[Assigned task]: Return the records below exactly as they are written.

:: Recorded information ::

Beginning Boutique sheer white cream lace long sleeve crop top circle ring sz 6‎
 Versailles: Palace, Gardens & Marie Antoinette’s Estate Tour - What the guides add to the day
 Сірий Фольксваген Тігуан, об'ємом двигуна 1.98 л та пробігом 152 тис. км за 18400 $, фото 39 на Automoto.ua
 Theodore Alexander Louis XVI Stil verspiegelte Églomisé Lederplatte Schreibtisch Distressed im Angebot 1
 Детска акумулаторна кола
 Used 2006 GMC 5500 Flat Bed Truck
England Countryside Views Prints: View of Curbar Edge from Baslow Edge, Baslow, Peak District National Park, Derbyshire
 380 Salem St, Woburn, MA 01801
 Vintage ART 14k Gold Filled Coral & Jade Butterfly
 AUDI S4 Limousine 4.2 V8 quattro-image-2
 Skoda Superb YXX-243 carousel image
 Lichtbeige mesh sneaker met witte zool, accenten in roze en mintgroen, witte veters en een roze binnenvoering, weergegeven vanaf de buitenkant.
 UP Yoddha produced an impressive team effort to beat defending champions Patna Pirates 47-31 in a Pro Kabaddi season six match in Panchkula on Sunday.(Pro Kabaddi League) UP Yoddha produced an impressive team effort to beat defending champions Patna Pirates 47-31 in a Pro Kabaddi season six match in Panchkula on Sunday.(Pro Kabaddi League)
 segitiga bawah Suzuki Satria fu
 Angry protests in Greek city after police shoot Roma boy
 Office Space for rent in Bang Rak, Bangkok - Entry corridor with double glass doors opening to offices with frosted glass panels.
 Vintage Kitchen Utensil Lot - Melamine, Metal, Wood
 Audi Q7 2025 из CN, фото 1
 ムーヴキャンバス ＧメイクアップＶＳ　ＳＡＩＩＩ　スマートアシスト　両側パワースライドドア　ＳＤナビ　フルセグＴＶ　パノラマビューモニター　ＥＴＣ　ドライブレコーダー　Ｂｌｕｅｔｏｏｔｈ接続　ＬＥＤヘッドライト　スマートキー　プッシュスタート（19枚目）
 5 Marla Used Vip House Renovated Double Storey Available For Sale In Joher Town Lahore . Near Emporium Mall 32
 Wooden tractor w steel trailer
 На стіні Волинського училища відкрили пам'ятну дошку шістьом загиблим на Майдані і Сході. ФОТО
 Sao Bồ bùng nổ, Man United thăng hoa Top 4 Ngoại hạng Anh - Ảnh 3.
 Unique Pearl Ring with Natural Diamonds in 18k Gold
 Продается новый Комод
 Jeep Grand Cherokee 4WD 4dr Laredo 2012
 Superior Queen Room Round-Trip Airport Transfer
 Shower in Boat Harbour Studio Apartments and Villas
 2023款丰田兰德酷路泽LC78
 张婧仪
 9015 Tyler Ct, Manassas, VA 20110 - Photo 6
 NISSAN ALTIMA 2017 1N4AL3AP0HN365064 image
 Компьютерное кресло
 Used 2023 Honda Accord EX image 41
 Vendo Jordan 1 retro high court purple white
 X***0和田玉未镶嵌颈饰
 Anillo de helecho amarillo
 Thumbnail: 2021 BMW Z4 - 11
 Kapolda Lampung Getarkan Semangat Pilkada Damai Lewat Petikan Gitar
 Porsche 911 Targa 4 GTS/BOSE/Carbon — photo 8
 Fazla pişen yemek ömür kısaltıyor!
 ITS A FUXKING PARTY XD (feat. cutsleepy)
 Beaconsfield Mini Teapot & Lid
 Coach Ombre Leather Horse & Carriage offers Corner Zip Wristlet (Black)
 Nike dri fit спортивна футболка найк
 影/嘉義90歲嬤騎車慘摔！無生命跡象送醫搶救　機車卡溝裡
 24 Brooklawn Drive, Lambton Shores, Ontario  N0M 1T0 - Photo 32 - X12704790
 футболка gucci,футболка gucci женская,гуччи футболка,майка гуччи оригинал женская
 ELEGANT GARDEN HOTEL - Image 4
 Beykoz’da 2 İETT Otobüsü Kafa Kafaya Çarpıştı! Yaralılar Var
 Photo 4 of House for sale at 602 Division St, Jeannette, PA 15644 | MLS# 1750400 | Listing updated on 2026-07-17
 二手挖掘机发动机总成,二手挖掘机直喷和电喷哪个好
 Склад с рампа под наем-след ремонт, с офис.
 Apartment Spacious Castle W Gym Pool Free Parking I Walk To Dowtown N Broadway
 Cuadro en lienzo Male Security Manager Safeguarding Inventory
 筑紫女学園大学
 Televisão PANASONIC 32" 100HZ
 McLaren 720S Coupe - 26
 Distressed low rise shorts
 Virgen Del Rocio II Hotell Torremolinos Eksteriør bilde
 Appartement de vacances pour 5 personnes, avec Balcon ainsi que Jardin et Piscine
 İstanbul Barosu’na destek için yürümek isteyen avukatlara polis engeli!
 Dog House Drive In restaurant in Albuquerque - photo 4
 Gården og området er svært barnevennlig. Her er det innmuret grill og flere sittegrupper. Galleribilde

:::

[Solution to the exercise]:
Beginning Boutique sheer white cream lace long sleeve crop top circle ring sz 6‎
 Versailles: Palace, Gardens & Marie Antoinette’s Estate Tour - What the guides add to the day
 Сірий Фольксваген Тігуан, об'ємом двигуна 1.98 л та пробігом 152 тис. км за 18400 $, фото 39 на Automoto.ua
 Theodore Alexander Louis XVI Stil verspiegelte Églomisé Lederplatte Schreibtisch Distressed im Angebot 1
 Детска акумулаторна кола
 Used 2006 GMC 5500 Flat Bed Truck
England Countryside Views Prints: View of Curbar Edge from Baslow Edge, Baslow, Peak District National Park, Derbyshire
 380 Salem St, Woburn, MA 01801
 Vintage ART 14k Gold Filled Coral & Jade Butterfly
 AUDI S4 Limousine 4.2 V8 quattro-image-2
 Skoda Superb YXX-243 carousel image
 Lichtbeige mesh sneaker met witte zool, accenten in roze en mintgroen, witte veters en een roze binnenvoering, weergegeven vanaf de buitenkant.
 UP Yoddha produced an impressive team effort to beat defending champions Patna Pirates 47-31 in a Pro Kabaddi season six match in Panchkula on Sunday.(Pro Kabaddi League) UP Yoddha produced an impressive team effort to beat defending champions Patna Pirates 47-31 in a Pro Kabaddi season six match in Panchkula on Sunday.(Pro Kabaddi League)
 segitiga bawah Suzuki Satria fu
 Angry protests in Greek city after police shoot Roma boy
 Office Space for rent in Bang Rak, Bangkok - Entry corridor with double glass doors opening to offices with frosted glass panels.
 Vintage Kitchen Utensil Lot - Melamine, Metal, Wood
 Audi Q7 2025 из CN, фото 1
 ムーヴキャンバス ＧメイクアップＶＳ　ＳＡＩＩＩ　スマートアシスト　両側パワースライドドア　ＳＤナビ　フルセグＴＶ　パノラマビューモニター　ＥＴＣ　ドライブレコーダー　Ｂｌｕｅｔｏｏｔｈ接続　ＬＥＤヘッドライト　スマートキー　プッシュスタート（19枚目）
 5 Marla Used Vip House Renovated Double Storey Available For Sale In Joher Town Lahore . Near Emporium Mall 32
 Wooden tractor w steel trailer
 На стіні Волинського училища відкрили пам'ятну дошку шістьом загиблим на Майдані і Сході. ФОТО
 Sao Bồ bùng nổ, Man United thăng hoa Top 4 Ngoại hạng Anh - Ảnh 3.
 Unique Pearl Ring with Natural Diamonds in 18k Gold
 Продается новый Комод
 Jeep Grand Cherokee 4WD 4dr Laredo 2012
 Superior Queen Room Round-Trip Airport Transfer
 Shower in Boat Harbour Studio Apartments and Villas
 2023款丰田兰德酷路泽LC78
 张婧仪
 9015 Tyler Ct, Manassas, VA 20110 - Photo 6
 NISSAN ALTIMA 2017 1N4AL3AP0HN365064 image
 Компьютерное кресло
 Used 2023 Honda Accord EX image 41
 Vendo Jordan 1 retro high court purple white
 X***0和田玉未镶嵌颈饰
 Anillo de helecho amarillo
 Thumbnail: 2021 BMW Z4 - 11
 Kapolda Lampung Getarkan Semangat Pilkada Damai Lewat Petikan Gitar
 Porsche 911 Targa 4 GTS/BOSE/Carbon — photo 8
 Fazla pişen yemek ömür kısaltıyor!
 ITS A FUXKING PARTY XD (feat. cutsleepy)
 Beaconsfield Mini Teapot & Lid
 Coach Ombre Leather Horse & Carriage offers Corner Zip Wristlet (Black)
 Nike dri fit спортивна футболка найк
 影/嘉義90歲嬤騎車慘摔！無生命跡象送醫搶救　機車卡溝裡
 24 Brooklawn Drive, Lambton Shores, Ontario  N0M 1T0 - Photo 32 - X12704790
 футболка gucci,футболка gucci женская,гуччи футболка,майка гуччи оригинал женская
 ELEGANT GARDEN HOTEL - Image 4
 Beykoz’da 2 İETT Otobüsü Kafa Kafaya Çarpıştı! Yaralılar Var
 Photo 4 of House for sale at 602 Division St, Jeannette, PA 15644 | MLS# 1750400 | Listing updated on 2026-07-17
 二手挖掘机发动机总成,二手挖掘机直喷和电喷哪个好
 Склад с рампа под наем-след ремонт, с офис.
 Apartment Spacious Castle W Gym Pool Free Parking I Walk To Dowtown N Broadway
 Cuadro en lienzo Male Security Manager Safeguarding Inventory
 筑紫女学園大学
 Televisão PANASONIC 32" 100HZ
 McLaren 720S Coupe - 26
 Distressed low rise shorts
 Virgen Del Rocio II Hotell Torremolinos Eksteriør bilde
 Appartement de vacances pour 5 personnes, avec Balcon ainsi que Jardin et Piscine
 İstanbul Barosu’na destek için yürümek isteyen avukatlara polis engeli!
 Dog House Drive In restaurant in Albuquerque - photo 4
 Gården og området er svært barnevennlig. Her er det innmuret grill og flere sittegrupper. Galleribilde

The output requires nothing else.